Friday 20 July 2007

The Departed - Dir. Martin Scorsese (2006)

The Departed (2006) "You've accused me of being a rat twice now, and if you do it again I swear I'll put a god-damn f*cking bullet in your head no matter who you are." Martin Scorsese is quite possibly the greatest director of the 'crime drama' or 'gangster' films that Hollywood has ever produced. Gangs of New York, Casino and Goodfellas, just to name a few of the excellent films he has directed and 'The Departed' is no different. Superbly written, brilliantly acted and a flowing story that is mesmerising. Typical Scorsese some will say.

Leonardo Di Caprio (Billy Costigan) and Matt Damon (Colin Sullivan), find themselves on the other side of the fence as one infiltrates the Boston State Police and the other the Irish Mafia, but as the discovery of 'rats' within both organisations arises, everybody becomes a suspect, especially those that are guilty. While Frank Costello (Jack Nicholson) and Oliver Queenan (Martin Sheen) play the men at war from the different sides of the law.

First off the bat, William Monahan's writing is next to nothing, but brilliance. The slick dialogue combined with Scorsese's stylistic direction makes this film what it is. From the aggressive nature of Detective Dignam (Wahlberg) to the father-like, old-school Police Commissioner Oliver Queenan (Martin Sheen), Monahan has the dialogue down to a tee, while Scorsese's introduction of simple cinematography allows the other techniques to take centre stage. Scorsese uses lightning particularly well in 'Departed', just like in Casino, as the darkness represents the unknown, danger, the aggression, the light shows reality in its bleakest form. Every piece of music in the film, also compliments the film very well such as 'Pink Floyd - Comfortably Numb' being played lightly over a scene that contains both sex and adultery.
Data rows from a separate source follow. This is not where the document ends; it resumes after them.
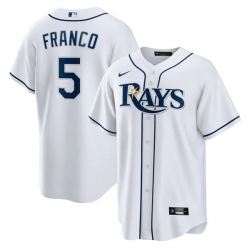 Men Tampa Bay Rays 5 Wander Franco White Cool Base Stitched Baseball Jersey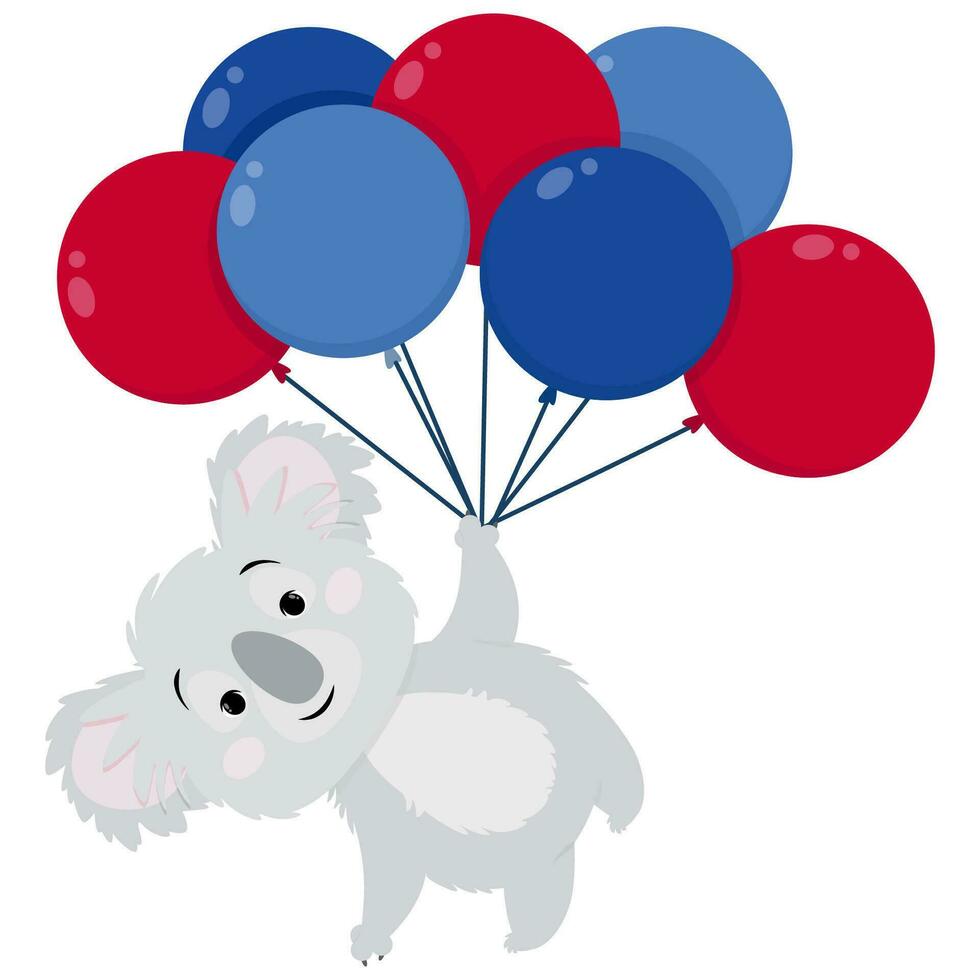 gris coala con globos para Australia día vector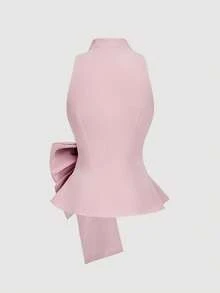 SHEIN X Belle Mariano SHEIN MOD 女士休闲V领蝴蝶结吊带上衣，粉色雪纺蝴蝶结上衣，适合婚礼派对，优雅无袖，柔软轻盈面料，裹身V领设计，芭蕾舞风格，低调奢华，浪漫聚会，婚礼宾客上衣，时尚夏季派对服饰 - 淺粉色 - 查看 2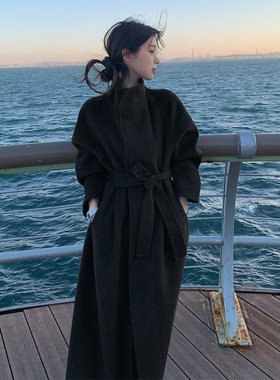 日本offcat黑色双面羊毛呢子大衣女2024冬季新款小个子中长款毛呢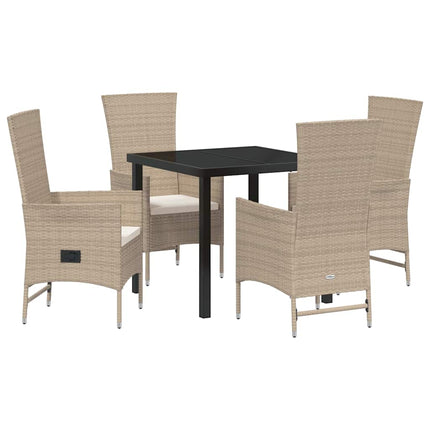 Trädgårdsmöbelset med kudde 5 pcs Beige konstrotting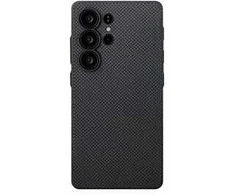 Dėklas Pitaka PIN Button Case, Juodas/Pilkas Plain - Samsung Galaxy S25 Ultra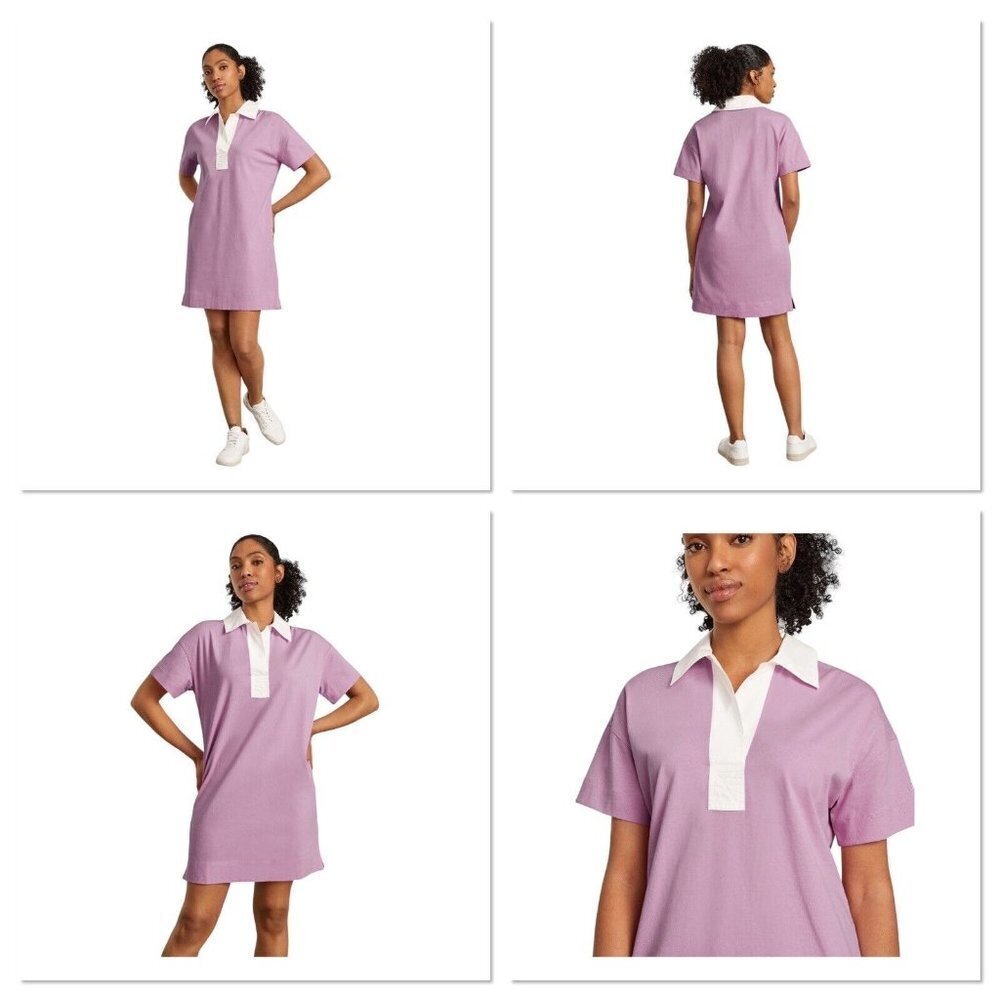 Everlane Womens The Organic Cotton Polo Dress Size XS Mauve Pink Short‎ Sleeves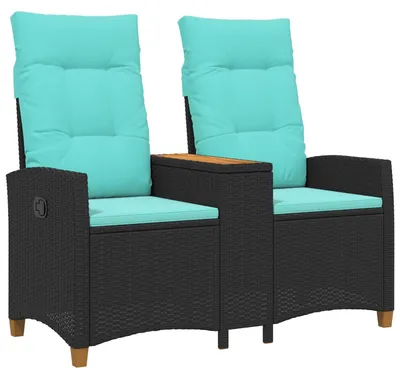 Produktbild von vidaXL Liegebank mit Tisch Schwarz und Türkis 126 x 65 x 112 cm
However the real brilliance is in the cast, Nicholson, Sheen, Di Caprio, Wahlberg, Damon, Baldwin, Winstone and Dalton and nobody let's the film down. Leonardo Di Caprio (William Costigan) is particularly stunning playing a tough-guy gangster that must hide his past or face the darkest of punishments, death. Matt Damon (Colin Sullivan), on the other hand is less convincing than Leonardo Di Caprio, but his performance still doesn't let up, as his role switches quite instantly from the 'collaring-result-delivering protagonist' to the bad-guy mob man on the inside. While Martin Sheen (Queenan) and Mark Wahlberg (Detective Dignam) play there supporting roles, countering-acting 'good-cop bad-cop' exceptionally well. Nicholson (Frank Costello) played the role of the tough-guy gangster quite well, but his character was missing substance and felt a bit two-dimensional, but apart from that, the acting, just like the cast, was superb.

Scorsese is quite simply the master of the Gangster genre and while some may say 'it's been done before' it feels so fresh and new to a period of cinema full of horror, thriller and romantic comedies. If this film does not get nominated for an Oscar, Leonardo Di Caprio should be instead for his best role since 'The Aviator' (which was directed by Martin Scorsese as well.) If you're a Scorsese fan you will love all two hours and thirty-six minutes of this. If your not, you will still very much enjoy it.